Pictures stay out of the answer, but every line of the material must be restated exactly.

----- Input data -----

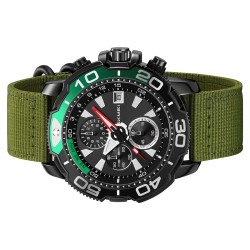 Reloj Hombre Skmei Adventure Analógico  Cronómetro Fecha Verde 9381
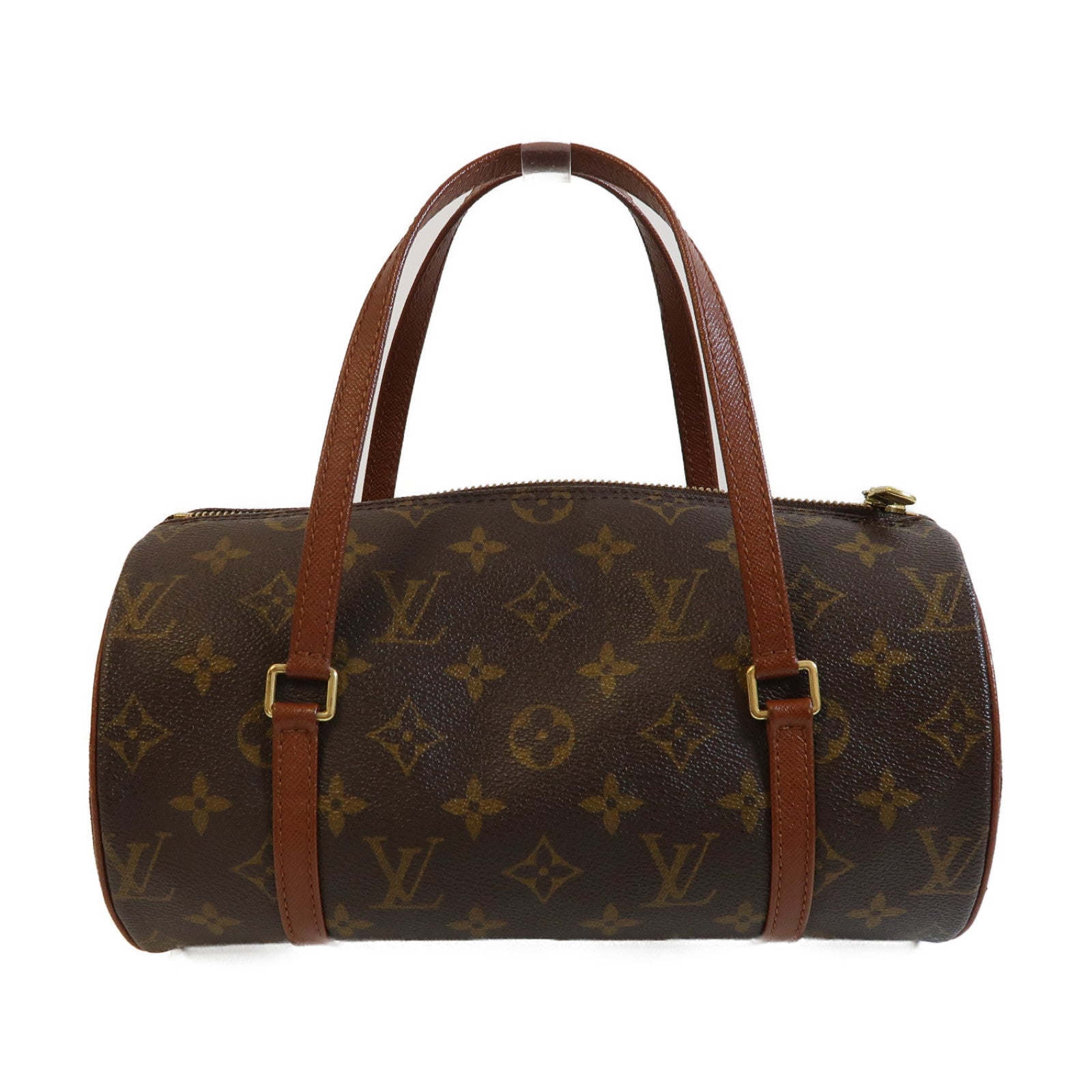 LOUIS VUITTON Monogram Papillon PM金扣肩背袋啡色
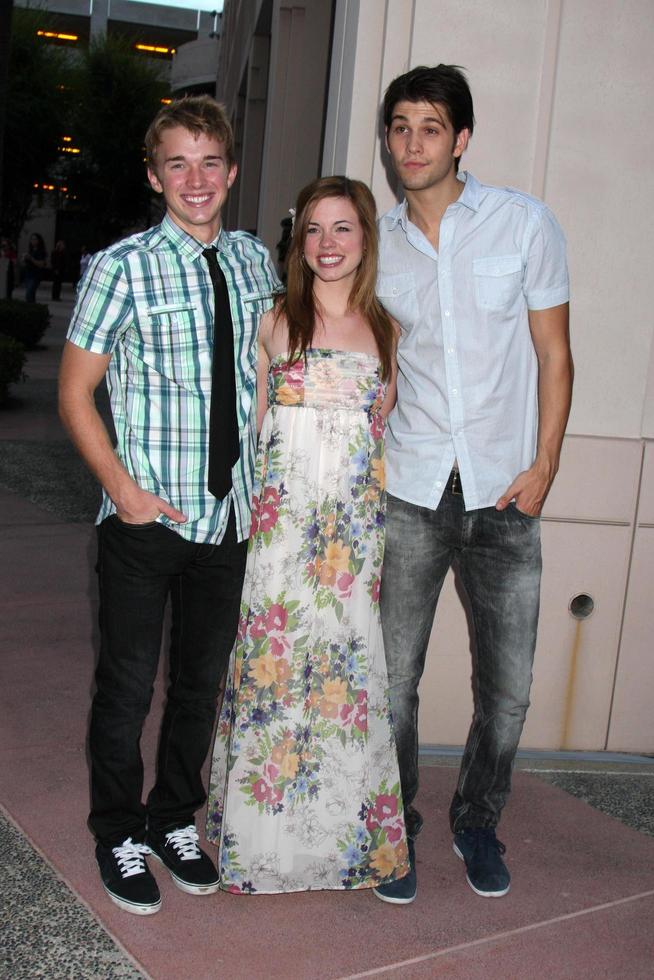 LOS ANGELES, SEP 28 - Chandler Massey, Molly Burnett, Casey Deidrick arrives at  Celebrating 45 Years of Days of Our Lives at Academy of Television Arts and Sciences on September 28, 2010 in No. Hollywood, CA photo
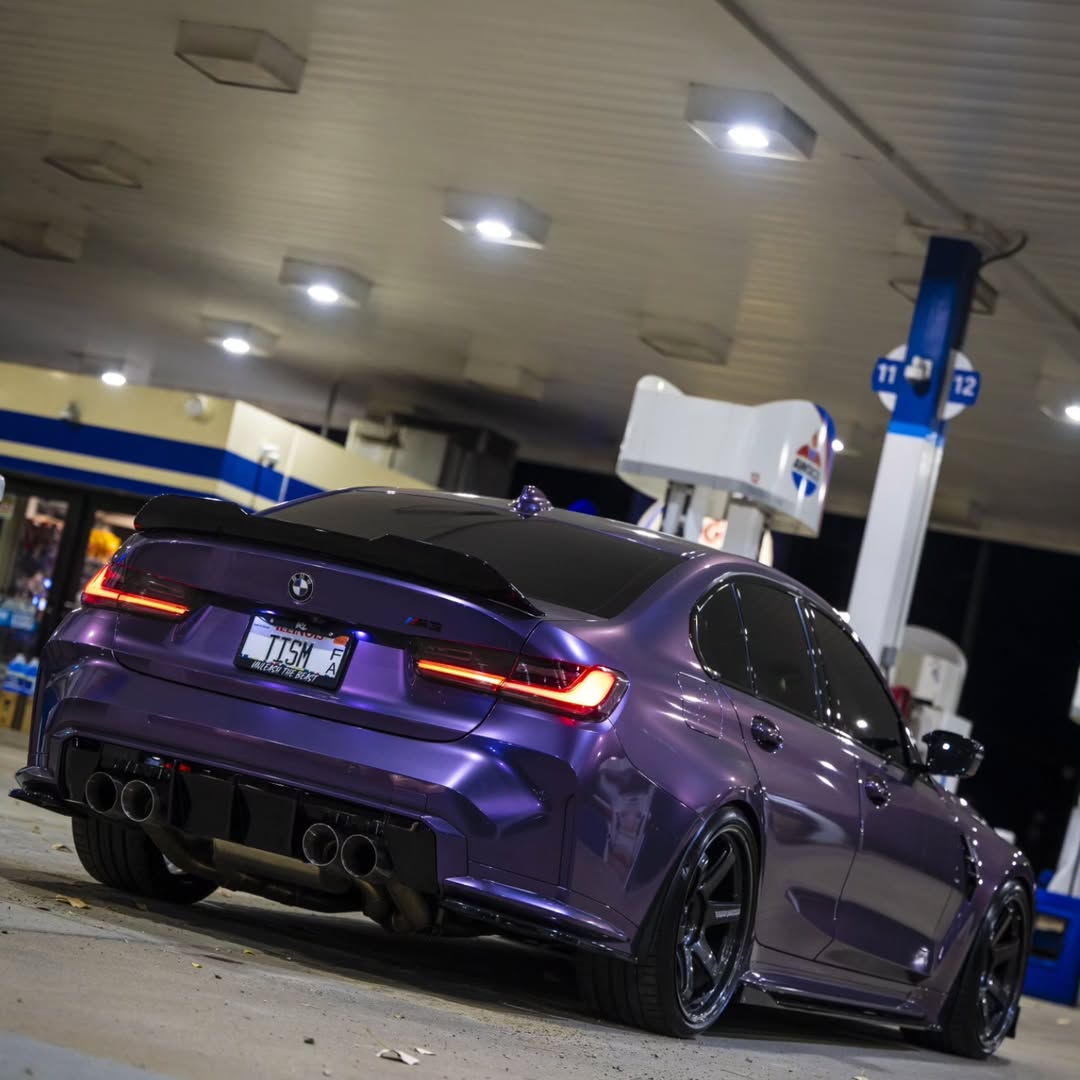 Gloss Liquid Russet Purple Car Vinyl Wrap PET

-----

▶ **Response area**:
 Reloj Hombre Skmei Adventure Analógico  Cronómetro Fecha Verde 9381
 LOUIS VUITTON Monogram Papillon PM金扣肩背袋啡色
 LOS ANGELES, SEP 28 - Chandler Massey, Molly Burnett, Casey Deidrick arrives at  Celebrating 45 Years of Days of Our Lives at Academy of Television Arts and Sciences on September 28, 2010 in No. Hollywood, CA photo
 Gloss Liquid Russet Purple Car Vinyl Wrap PET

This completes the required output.